Aim of the task:
Starting at the line that contains "Oud Vibration Women EDP", reproduce only the lines through the end of the data, exactly, including both the first and the last; skip the pictures.

Information shown:
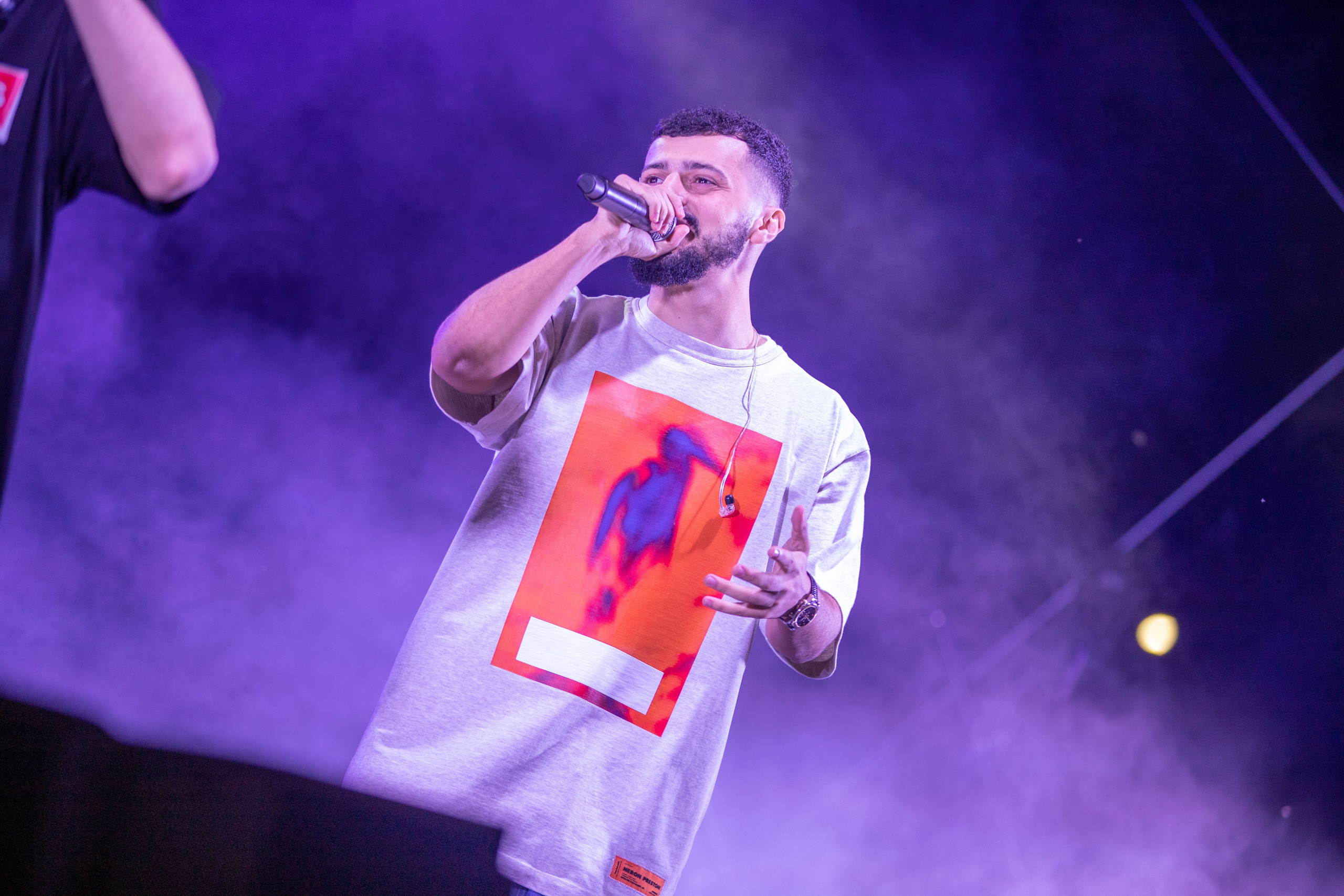 Концерты. Концертный и спортивный фотограф в Липецке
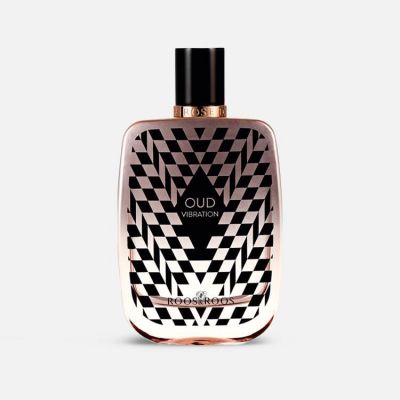 Oud Vibration Women EDP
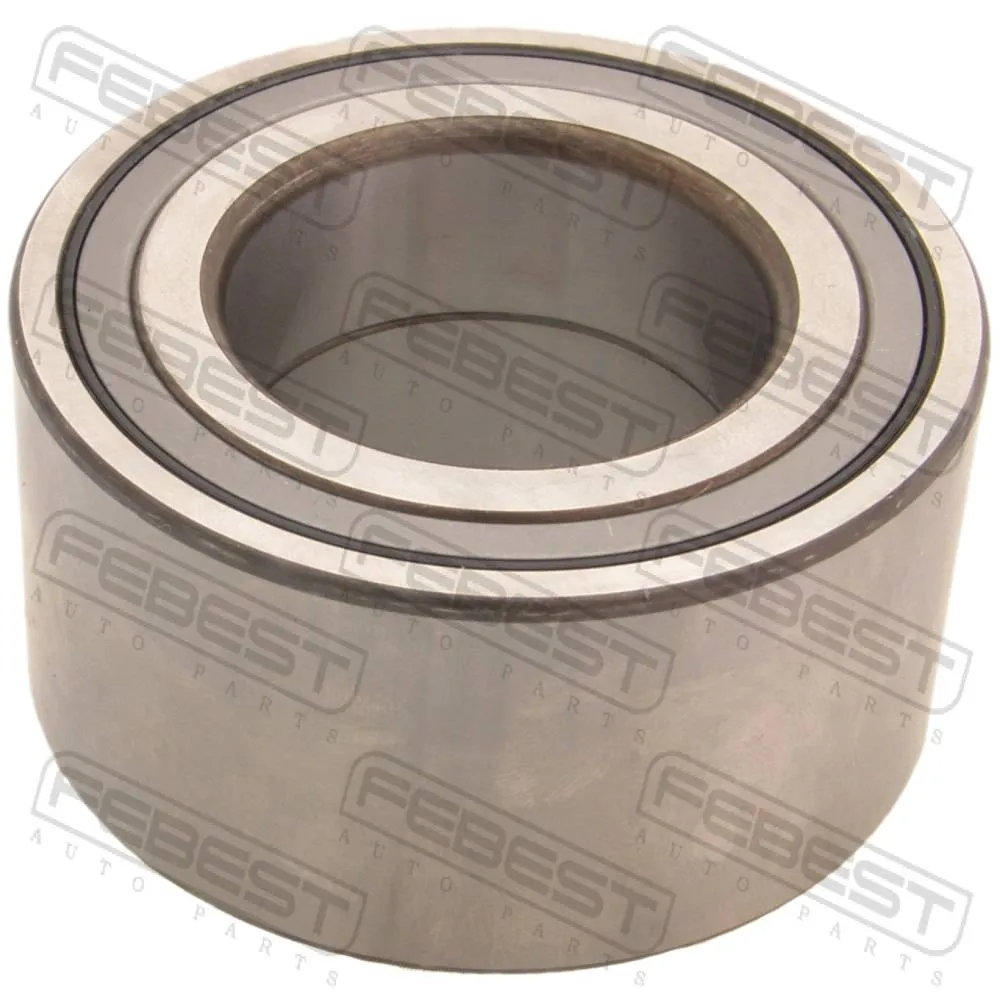 Подшипник ступичный передний 40x72x36 SUZUKI Ignis/Liana/Swift III /40X72X36 FEBEST DAC40720036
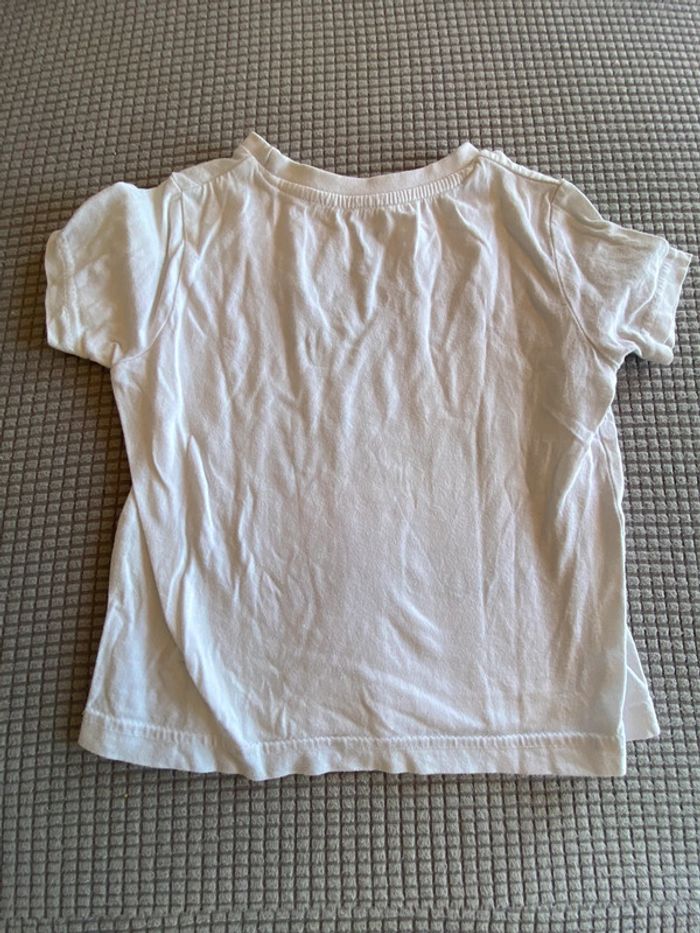 T-shirt voiture bébé garçon 18 mois - photo numéro 2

Expected answer:
 Oud Vibration Women EDP
 Подшипник ступичный передний 40x72x36 SUZUKI Ignis/Liana/Swift III /40X72X36 FEBEST DAC40720036
 T-shirt voiture bébé garçon 18 mois - photo numéro 2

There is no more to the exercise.